By bne IntelliNews June 7, 2019

The US has targeted Iran’s petrochemical industry with new sanctions announced by Treasury Secretary Steven Mnuchin on May 7.

There have been reports that the US is finding it more difficult to close loopholes in preventing lucrative exports by the Iranian petrochemical industry than it is when it comes to stopping shipments of crude oil from Iran, which since the start of last month it has been attempting to force to zero.

The new sanctions target entities including Iran’s biggest petrochemical holding group, Persian Gulf Petrochemical Industries Company (PGPIC), which the US Treasury Department says supports the Islamic Revolutionary Guard Corps (IRGC).

PGPIC has been added to the sanctions list for providing financial support to the economic arm of the IRGC. The Treasury also designated the holding group’s network of 39 subsidiary petrochemical companies and foreign-based sales agents. PGPIC and its subsidiaries account for 40% of Iran’s petrochemical production capacity. They are also responsible for 50% of Iran’s total petrochemical exports, the Treasury said.

“By targeting this network we intend to deny funding to key elements of Iran’s petrochemical sector that provide support to the IRGC,” Treasury Secretary Steven Mnuchin said in a statement.

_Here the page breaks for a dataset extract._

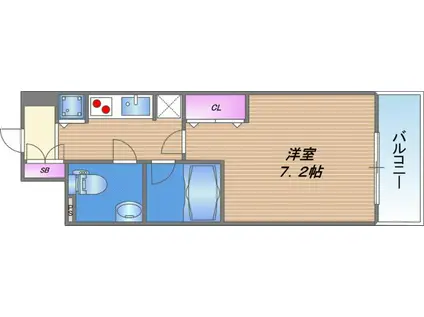 アヴァンセクール京橋南(1K/8階)の間取り写真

The Treasury statement added that Iran’s oil ministry last year awarded the IRGC’s Khatam al-Anbiya, the IRGC’s economic and engineering arm, 10 projects in oil and petrochemical industries worth $22bn, four times the official budget of the IRGC.

The US in April made the unprecedented move of officially designating the IRGC as a foreign terrorist organisation (FTO). In response, Iran listed the US military’s CENTCOM, which covers operations in the Middle East, as terrorist.

The Trump administration is attempting to strangle the Iranian economy to the point that Tehran comes to the table to renegotiate its role and activities in the Middle East, and agrees tighter restrictions on its nuclear and ballistic missile development programme.

The UK, France, Germany, China and Russia—which like Iran are still signed up to the 2015 nuclear deal—oppose the US policy. However, this past week has seen Paris make calls for wider talks over Tehran’s nuclear and military ambitions. Tehran responded that it would not hold any discussions with the nuclear deal signatories beyond the 2015 pact which Donald Trump unilaterally pulled the US out of in May 2018.

“The Europeans have so far failed to fulfil their commitments under the deal and... to protect Iran’s interests after America’s illegal withdrawal,” Iranian foreign ministry spokesman Abbas Mousavi said in a June 7 statement, according to state TV.

The US sanctions regime applied to Iran amounts to an "economic war", Tehran says.